**Task directions**
Below, locate the line that contains "Simple carrot in". Repeat exactly from that line to the line that contains "JCD format Forever", inclusive, leaving out the pictures.

Dataset records:

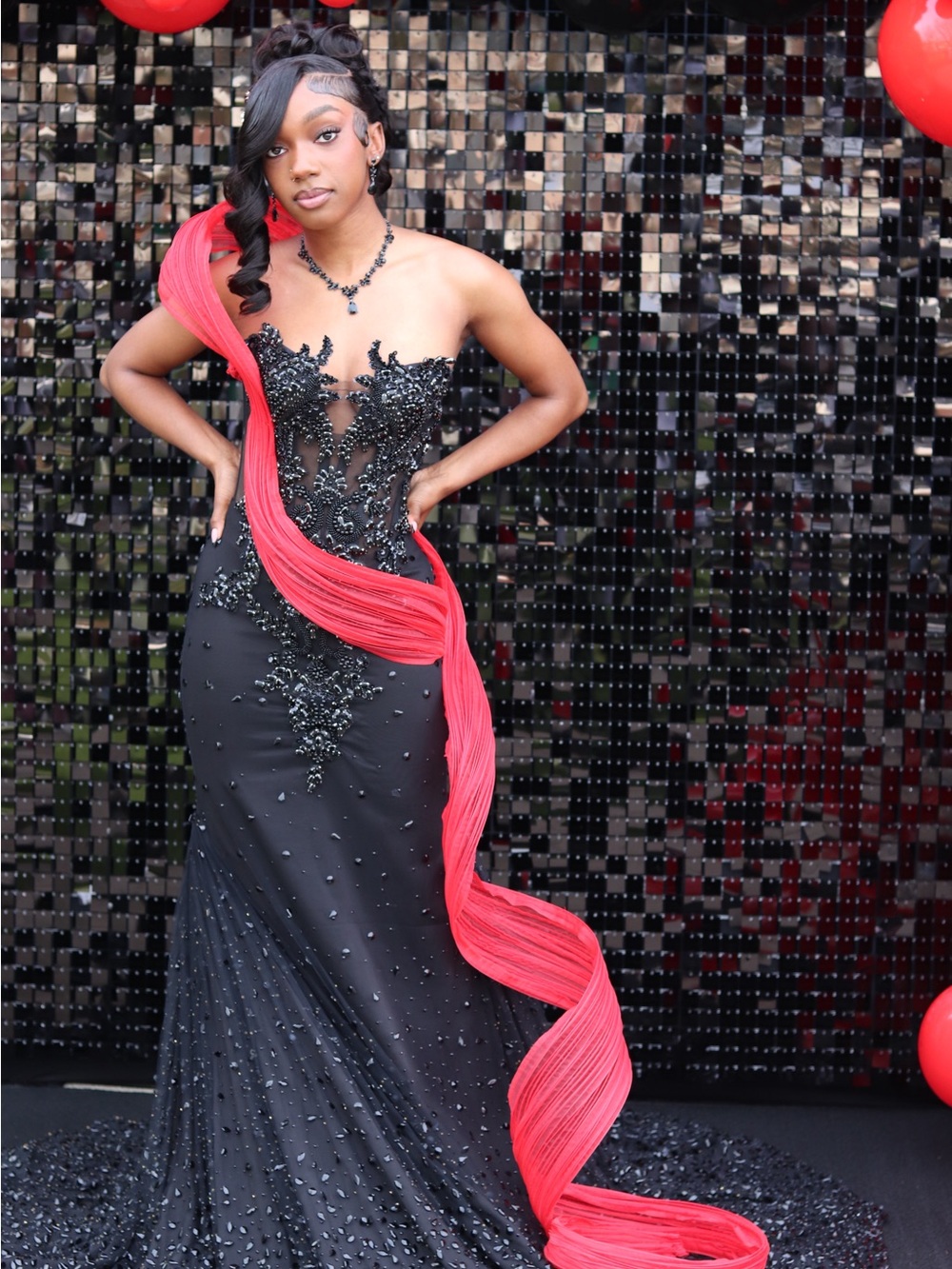 PROM DRESS ALERT Elegant Black Strapless Embellished Gown with Red Sash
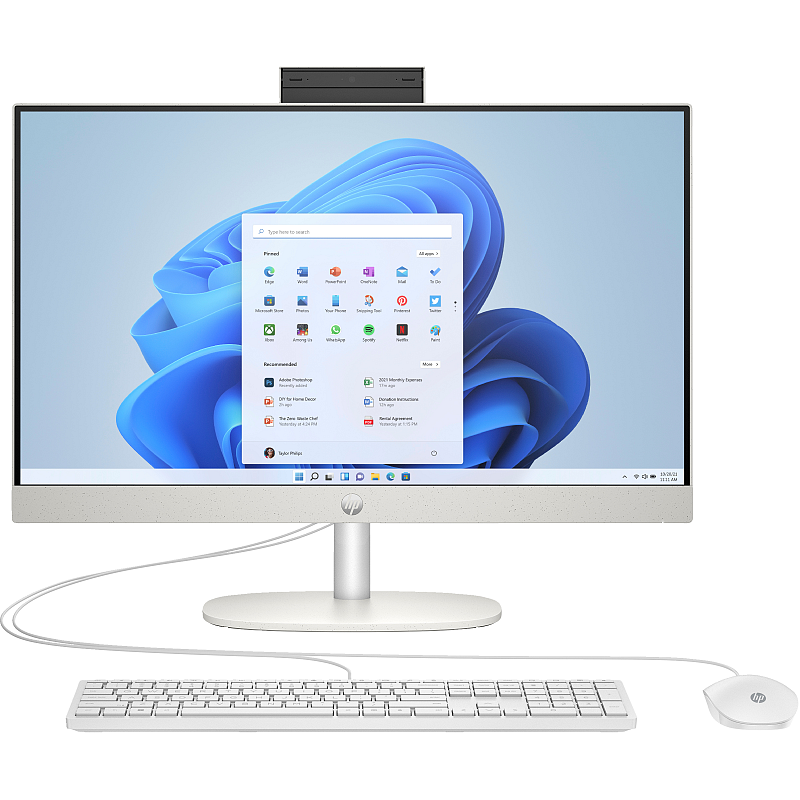 HP 24-cr0009ng AMD Ryzen™ 3 7320U 60,5 cm (23.8") 1920 x 1080 Pixel All-in-One-PC 8 GB LPDDR5-SDRAM 512 GB SSD Windows 11 Home Wi-Fi 6 (802.11ax) Weiß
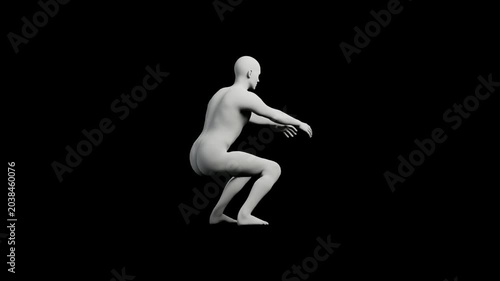 Mannequin squatting rear view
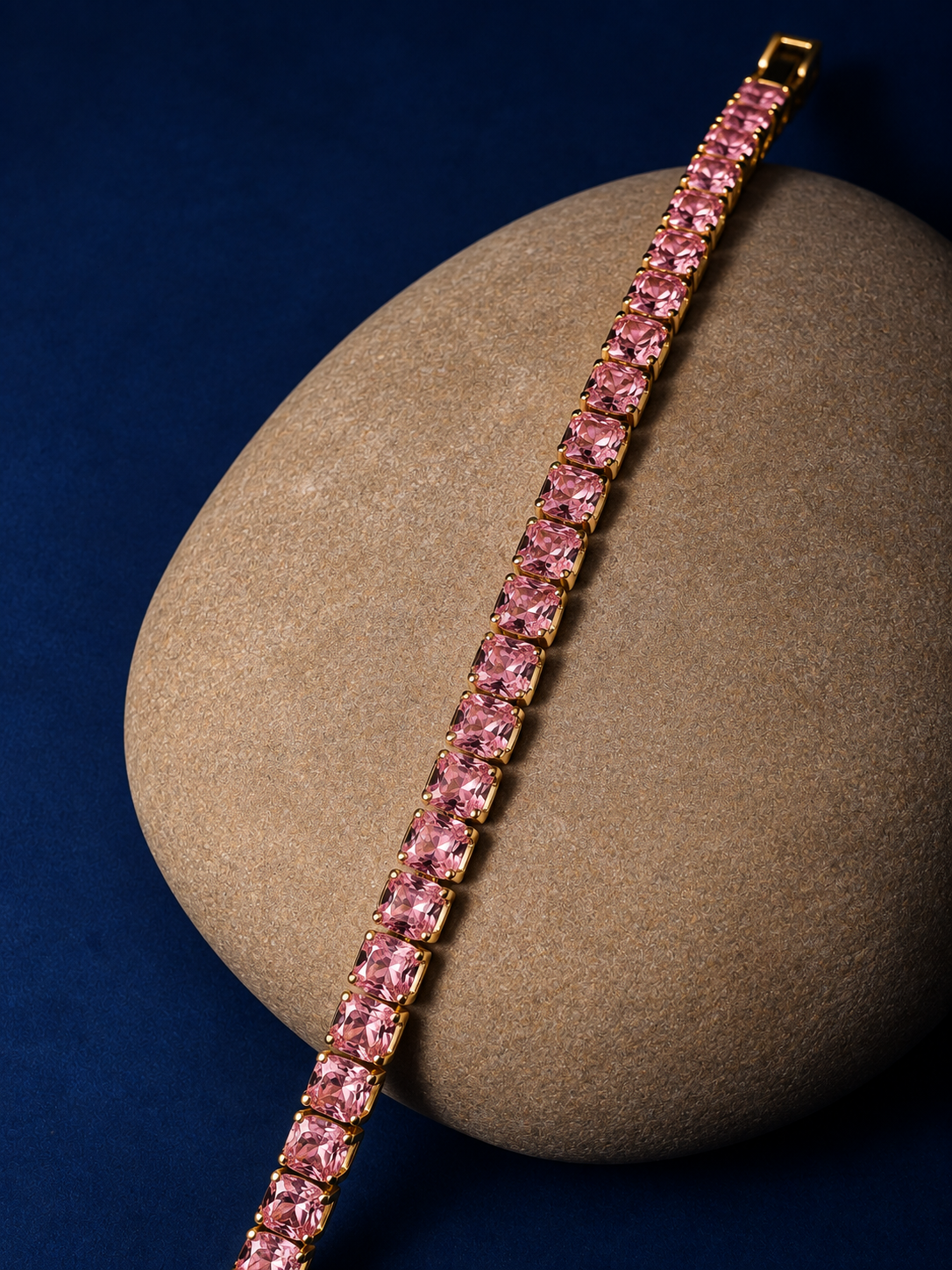 Blush Cushion-Cut Tennis Bracelet
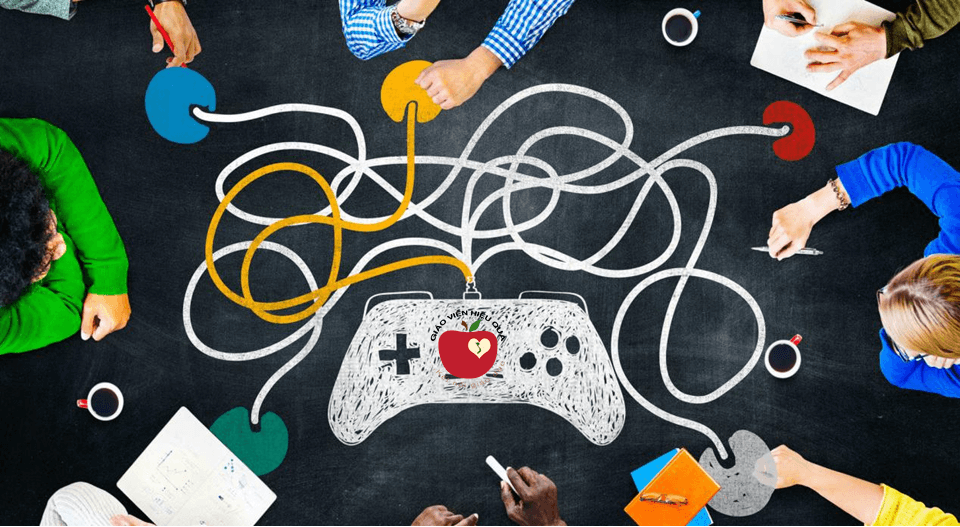 Students excitedly participating in educational game activity in classroom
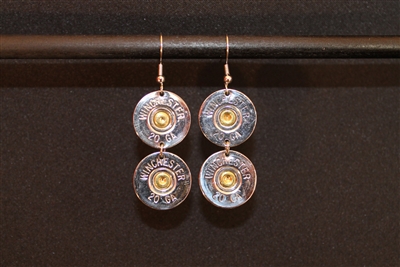 Silver 20 Gauge Winchester Double Dangle Earrings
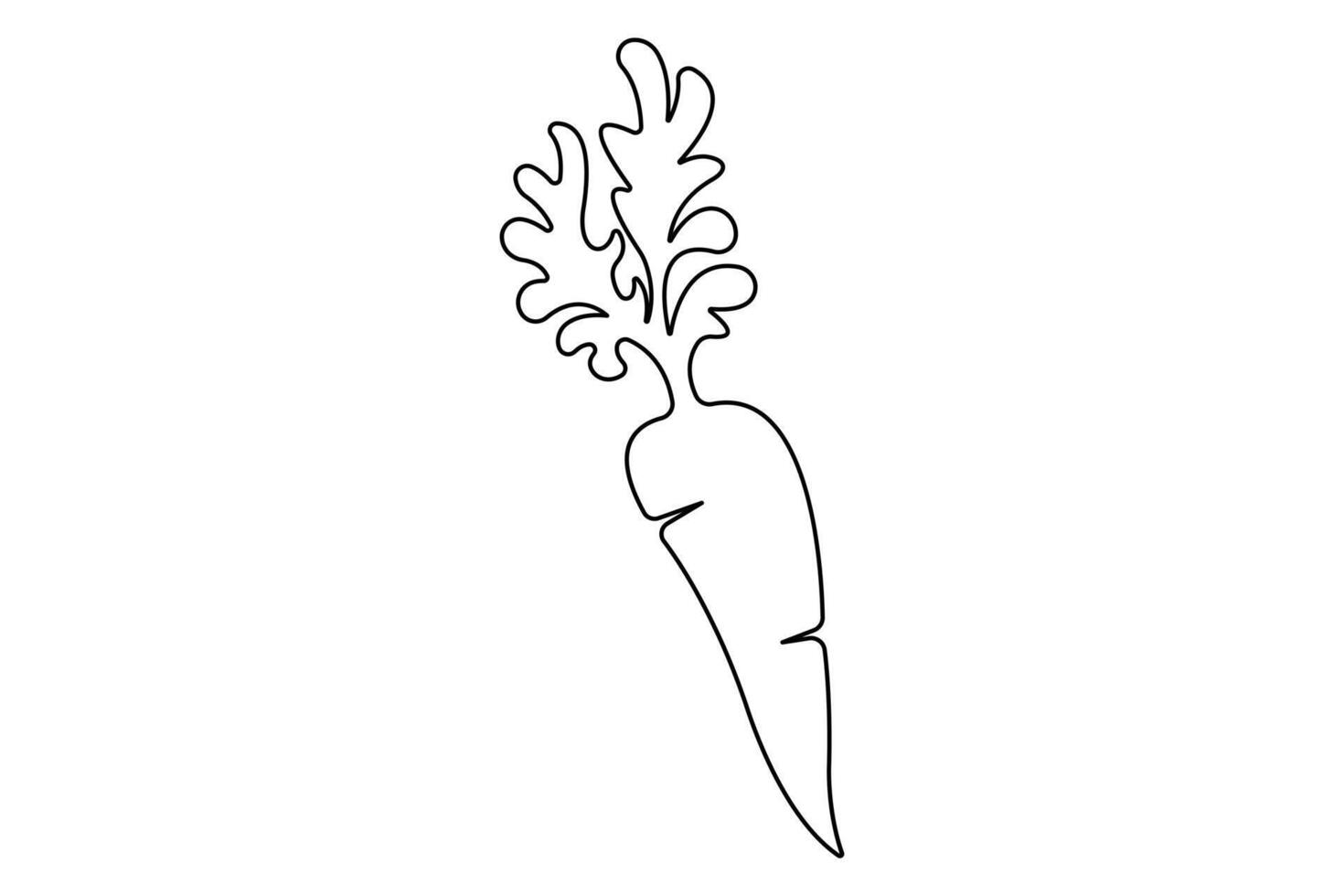 Simple carrot in continuous one line art drawing design, Growing carrot plant minimalist outline vector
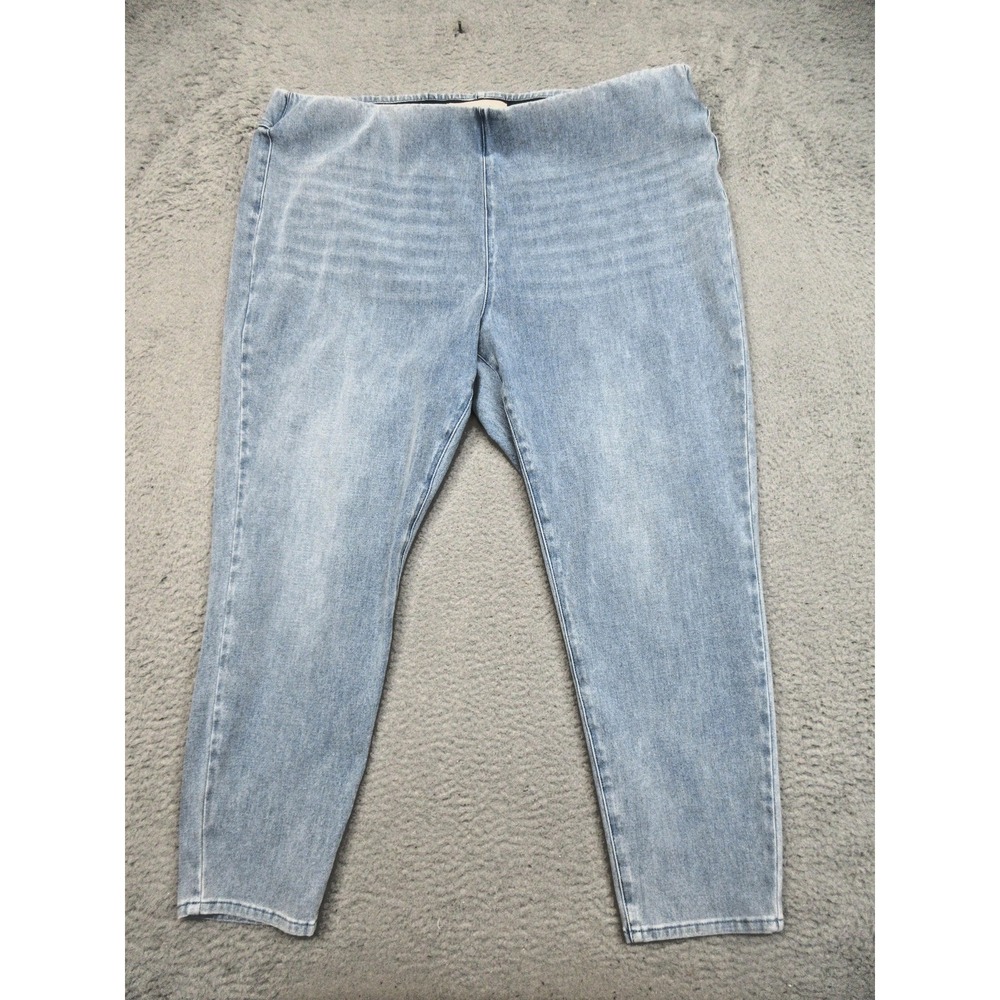 Soft Surroundings Pull On Jeans Womens 3X Blue Light Wash Stretch Slim Denim
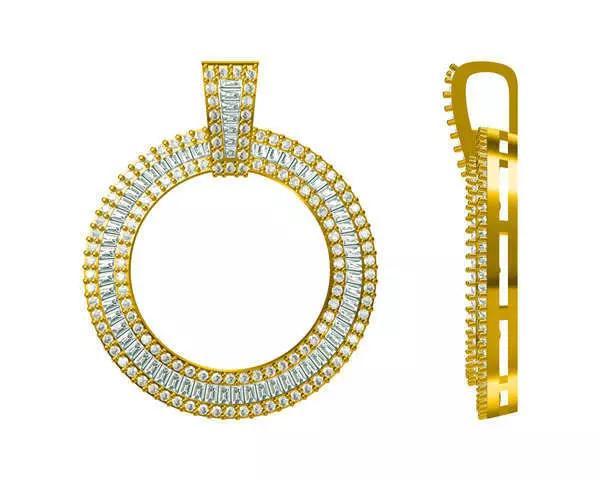 JCD format Forever one round shape pendant baguette cut diamond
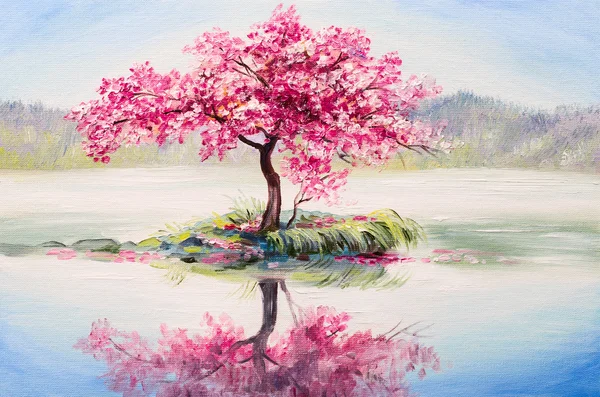 Pemandangan lukisan minyak, pohon ceri oriental, sakura di danau Stok Lukisan  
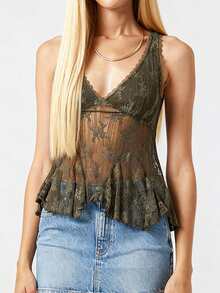 Womens Lace Tank Tops  Sleeveless V Neck Solid Color Ruffle Tops Slim Fit Shirts - Dark Green - View 2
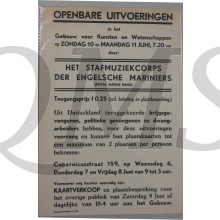 Flyer Openbare Uitvoeringen Stafmuziek corps der Engelsche Mariniers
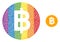 Spectrum Bitcoin Coin Composition Icon of Round Dots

**The answer**
 Simple carrot in continuous one line art drawing design, Growing carrot plant minimalist outline vector
 Soft Surroundings Pull On Jeans Womens 3X Blue Light Wash Stretch Slim Denim
 JCD format Forever one round shape pendant baguette cut diamond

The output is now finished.